- [The problem] Transcribe all of the data exactly. Omit the pictures.

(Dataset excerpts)

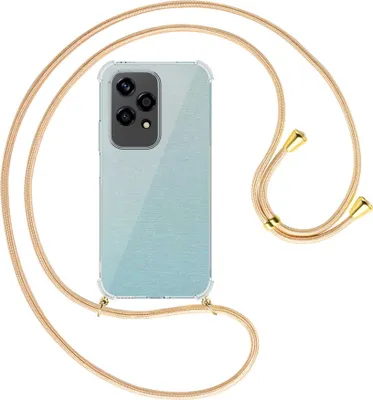 Produktbild von Handykette Backcover-Schutzhülle mit Band (Metall goldfarben) für Honor 200 Lite - Goldkordel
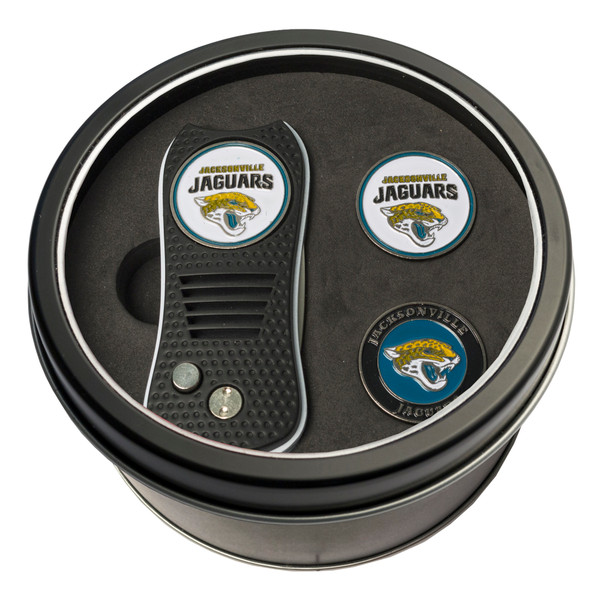 Jacksonville Jaguars Tin Gift Set with Switchfix Divot Tool and 2 Ball Markers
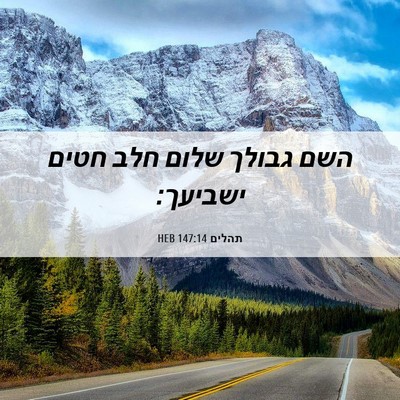 Picture 06 - תהלים 147:14 HEB - השם גבולך שלום חלב חטים - Bible Verse Picture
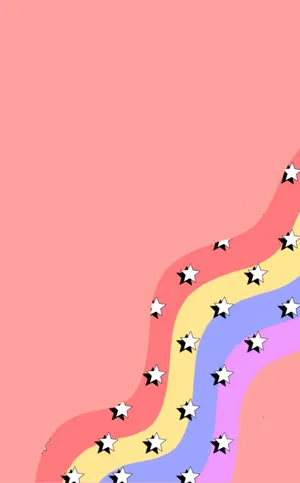 Retro Star Waves Pink Background Wallpaper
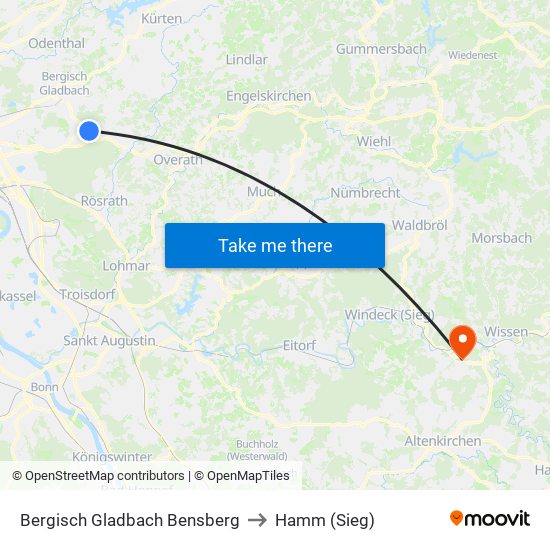 Bergisch Gladbach Bensberg to Hamm (Sieg) map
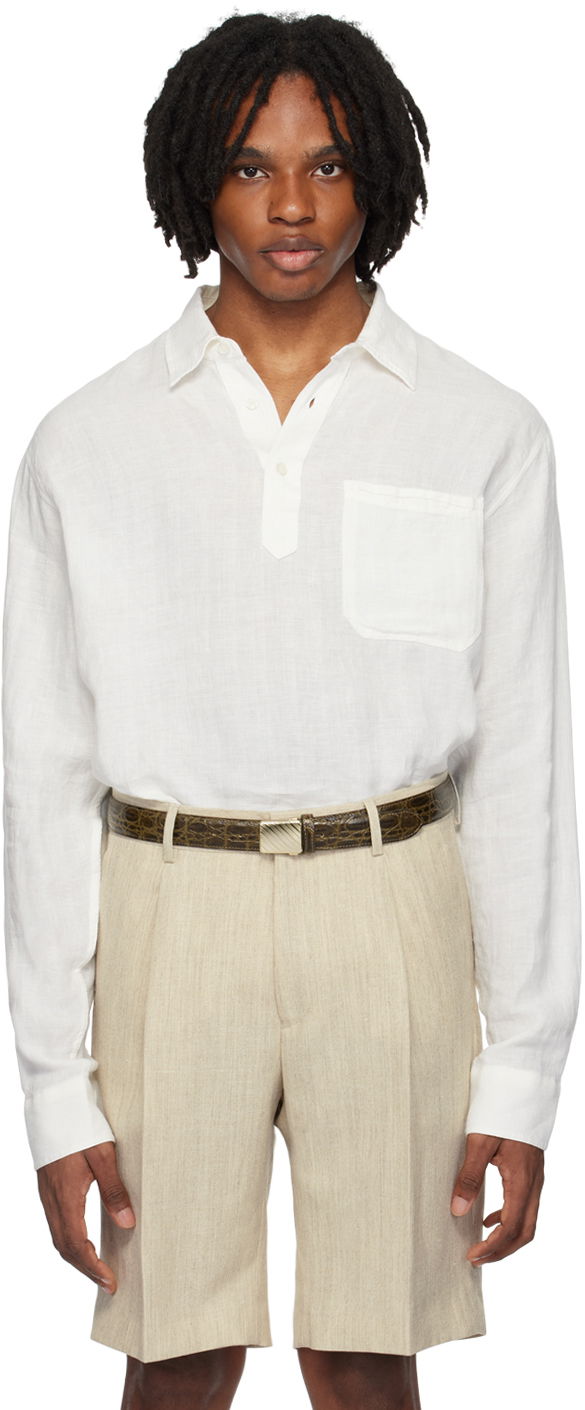 Skjorte Orlebar Brown Linen Long Sleeve Shirt Hvid | 279367, 0
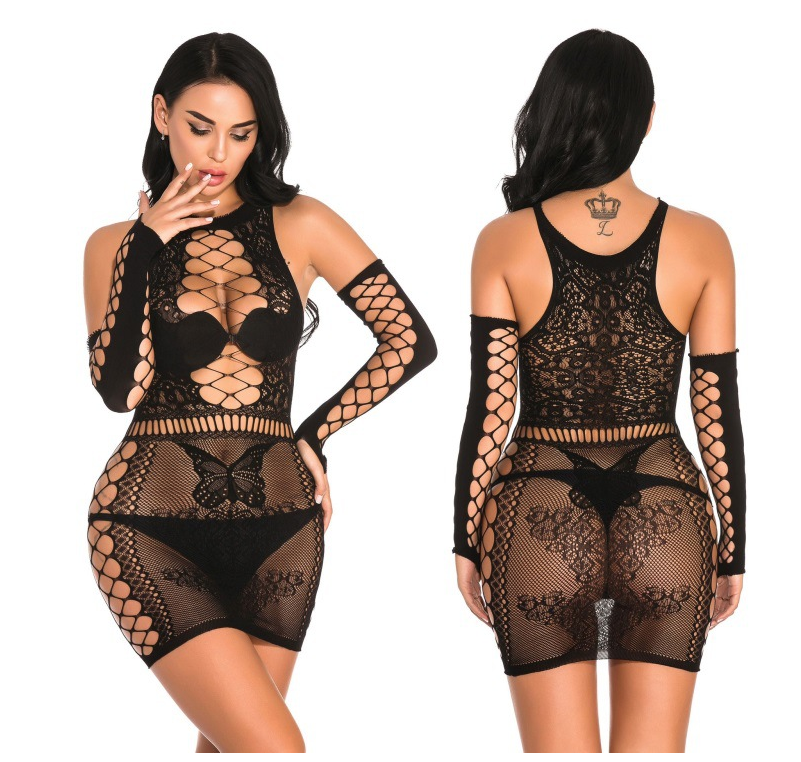 Black Lace Nightdress Costume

- [Answer]
 Produktbild von Handykette Backcover-Schutzhülle mit Band (Metall goldfarben) für Honor 200 Lite - Goldkordel
 Jacksonville Jaguars Tin Gift Set with Switchfix Divot Tool and 2 Ball Markers
 Picture 06 - תהלים 147:14 HEB - השם גבולך שלום חלב חטים - Bible Verse Picture
 Retro Star Waves Pink Background Wallpaper
 Bergisch Gladbach Bensberg to Hamm (Sieg) map
 Skjorte Orlebar Brown Linen Long Sleeve Shirt Hvid | 279367, 0
 Black Lace Nightdress Costume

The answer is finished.